(DEPRECATED) Apache Flink User Mailing List archive.

Re: Running and Maintaining Multiple Jobs

Posted by Prasanna kumar on
URL: http://deprecated-apache-flink-user-mailing-list-archive.369.s1.nabble.com/Running-and-Maintaining-Multiple-Jobs-tp35565p35566.html

Hi,

I also looked at this link. This says my approach is not good. Wanted to hear more on the same from the community.

https://stackoverflow.com/questions/52009948/multiple-jobs-or-multiple-pipelines-in-one-job-in-flink

Prasanna.

On Thu, May 28, 2020 at 11:22 PM Prasanna kumar <[hidden email]> wrote:

Hi,

I have a list of jobs that need to be run via flink.
For PoC we are implementing via JSON configuration file.
Sample JSON file
{
"registryJobs": [
{ "inputTopic": "ProfileTable1", "outputTopic": "Channel" },
{ "inputTopic": "Salestable", "outputTopic": "SalesChannel" },
{ "inputTopic": "billingsource", "outputTopic": "billing" },
{ "inputTopic": "costs", "outputTopic": "costschannel" },
{ "inputTopic": "leadsTable", "outputTopic": "leadsChannel" },
]
}
But in Long run we do want to have this detail in a RDBMS.
There are many other properties for Job such as transformation, filter , rules which would be captured in DB via UI.

Flink Supports Single Execution Environment. I ended up writing JobGenerator Module which reads from this JSON and creates Jobs.
public static void Generate Jobs(Registry job, StreamExecutionEnvironment env) {

      Properties props = new Properties();
      props.put("bootstrap.servers", BOOTSTRAP_SERVER);
      props.put("client.id", "flink-example1");

      FlinkKafkaConsumer011 fkC = new FlinkKafkaConsumer011<>(job.getInputTopic(),new SimpleStringSchema(), props);

      DataStream<String> stream = env.addSource(fkC).name("Kafka: " + job.getInputTopic());

      stream.map( SOMEMAPCODE );

      stream.addSink(new FlinkKafkaProducer011<>(job.getOutputTopic(), new SimpleStringSchema(), props)).name("Kafka: " + job.getOutputTopic());
   }
This created 5 tasks in a single Job and it is seen this way.

Questions

1) Is this a good way to design ? We might end up having 500 - 1000 such tasks in say 1 year down the lane. Or there is another way possible ?

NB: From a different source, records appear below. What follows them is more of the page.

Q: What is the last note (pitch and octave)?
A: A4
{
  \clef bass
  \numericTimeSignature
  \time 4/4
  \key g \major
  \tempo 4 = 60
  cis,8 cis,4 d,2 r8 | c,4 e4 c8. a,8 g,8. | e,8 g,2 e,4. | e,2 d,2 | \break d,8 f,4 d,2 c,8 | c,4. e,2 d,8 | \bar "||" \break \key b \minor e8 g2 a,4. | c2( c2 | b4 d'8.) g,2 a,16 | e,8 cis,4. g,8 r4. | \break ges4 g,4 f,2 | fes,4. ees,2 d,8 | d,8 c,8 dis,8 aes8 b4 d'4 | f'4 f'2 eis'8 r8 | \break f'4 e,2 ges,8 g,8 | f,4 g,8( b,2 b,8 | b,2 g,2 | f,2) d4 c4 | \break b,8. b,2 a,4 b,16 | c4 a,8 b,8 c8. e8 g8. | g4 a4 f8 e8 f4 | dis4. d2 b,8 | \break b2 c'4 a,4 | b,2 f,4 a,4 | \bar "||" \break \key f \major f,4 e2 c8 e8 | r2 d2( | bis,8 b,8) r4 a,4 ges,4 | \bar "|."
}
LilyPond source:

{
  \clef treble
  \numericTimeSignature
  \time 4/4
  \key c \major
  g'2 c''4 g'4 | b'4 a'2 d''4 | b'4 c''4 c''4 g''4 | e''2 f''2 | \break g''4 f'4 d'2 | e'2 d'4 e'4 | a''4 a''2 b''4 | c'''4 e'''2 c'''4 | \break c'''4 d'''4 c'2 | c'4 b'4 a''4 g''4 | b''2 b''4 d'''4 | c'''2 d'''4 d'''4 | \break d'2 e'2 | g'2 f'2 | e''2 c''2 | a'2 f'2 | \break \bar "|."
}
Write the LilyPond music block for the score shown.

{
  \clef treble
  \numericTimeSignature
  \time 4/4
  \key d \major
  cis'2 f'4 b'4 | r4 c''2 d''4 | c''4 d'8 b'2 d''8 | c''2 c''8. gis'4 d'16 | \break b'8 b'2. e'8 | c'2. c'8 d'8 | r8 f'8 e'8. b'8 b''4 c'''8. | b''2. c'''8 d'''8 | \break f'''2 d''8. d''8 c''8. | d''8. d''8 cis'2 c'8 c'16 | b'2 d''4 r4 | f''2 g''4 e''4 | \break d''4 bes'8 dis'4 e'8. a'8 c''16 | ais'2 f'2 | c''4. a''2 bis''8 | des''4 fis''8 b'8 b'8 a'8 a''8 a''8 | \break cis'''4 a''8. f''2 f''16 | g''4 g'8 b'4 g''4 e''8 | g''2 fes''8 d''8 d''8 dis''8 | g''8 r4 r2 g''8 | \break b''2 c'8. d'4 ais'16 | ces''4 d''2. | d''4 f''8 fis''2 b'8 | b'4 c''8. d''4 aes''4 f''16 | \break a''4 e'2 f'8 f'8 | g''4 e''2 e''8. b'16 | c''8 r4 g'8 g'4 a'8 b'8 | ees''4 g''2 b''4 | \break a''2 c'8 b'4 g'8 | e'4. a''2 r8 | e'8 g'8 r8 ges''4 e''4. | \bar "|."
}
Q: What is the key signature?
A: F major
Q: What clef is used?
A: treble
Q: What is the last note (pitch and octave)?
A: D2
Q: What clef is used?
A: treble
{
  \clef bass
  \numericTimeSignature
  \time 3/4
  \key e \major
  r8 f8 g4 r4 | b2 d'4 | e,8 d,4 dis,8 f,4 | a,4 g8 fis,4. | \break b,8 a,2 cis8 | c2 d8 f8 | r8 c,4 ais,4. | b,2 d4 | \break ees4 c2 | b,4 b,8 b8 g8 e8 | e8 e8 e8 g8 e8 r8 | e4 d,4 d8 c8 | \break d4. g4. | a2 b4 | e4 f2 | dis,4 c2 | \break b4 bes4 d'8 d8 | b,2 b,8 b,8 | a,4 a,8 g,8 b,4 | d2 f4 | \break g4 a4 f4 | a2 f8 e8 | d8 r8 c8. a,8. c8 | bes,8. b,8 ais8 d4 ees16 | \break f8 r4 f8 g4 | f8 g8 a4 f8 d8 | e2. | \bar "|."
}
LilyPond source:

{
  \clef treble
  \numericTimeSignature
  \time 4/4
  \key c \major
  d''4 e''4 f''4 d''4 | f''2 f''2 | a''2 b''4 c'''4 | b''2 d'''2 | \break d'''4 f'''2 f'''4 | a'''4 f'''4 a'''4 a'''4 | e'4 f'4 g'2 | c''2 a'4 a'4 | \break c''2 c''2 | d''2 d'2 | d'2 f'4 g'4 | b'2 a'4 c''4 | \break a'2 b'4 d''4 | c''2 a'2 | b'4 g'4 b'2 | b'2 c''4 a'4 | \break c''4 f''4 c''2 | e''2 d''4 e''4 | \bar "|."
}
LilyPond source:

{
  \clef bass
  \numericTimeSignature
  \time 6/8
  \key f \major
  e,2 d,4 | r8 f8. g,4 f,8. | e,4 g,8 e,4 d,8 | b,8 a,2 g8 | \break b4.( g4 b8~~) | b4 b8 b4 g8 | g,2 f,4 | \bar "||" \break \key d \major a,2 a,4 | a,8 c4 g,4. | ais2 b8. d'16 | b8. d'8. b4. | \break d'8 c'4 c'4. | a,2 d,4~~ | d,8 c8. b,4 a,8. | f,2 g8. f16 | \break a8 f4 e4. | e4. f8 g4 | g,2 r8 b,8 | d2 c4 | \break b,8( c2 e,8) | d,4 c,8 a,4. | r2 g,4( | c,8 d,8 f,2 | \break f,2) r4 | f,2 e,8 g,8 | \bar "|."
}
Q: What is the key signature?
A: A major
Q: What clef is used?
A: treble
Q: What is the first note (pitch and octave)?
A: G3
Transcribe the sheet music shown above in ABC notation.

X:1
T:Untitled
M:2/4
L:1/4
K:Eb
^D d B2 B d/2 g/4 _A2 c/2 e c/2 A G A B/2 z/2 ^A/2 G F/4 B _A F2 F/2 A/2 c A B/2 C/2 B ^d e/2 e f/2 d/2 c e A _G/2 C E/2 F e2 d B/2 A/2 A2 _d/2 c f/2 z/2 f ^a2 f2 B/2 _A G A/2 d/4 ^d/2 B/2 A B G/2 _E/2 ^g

2) We cannot afford downtime in our system. Say 5 tasks are pushed to production. Say we need to add / update tasks later should we restart the cluster with the new job and JAR ?

3) Now we have the job registry in files. Is it possible to read from the DB directly and create the Jobs (DAG) dynamically without restarting it ?

Thanks,
Prasanna.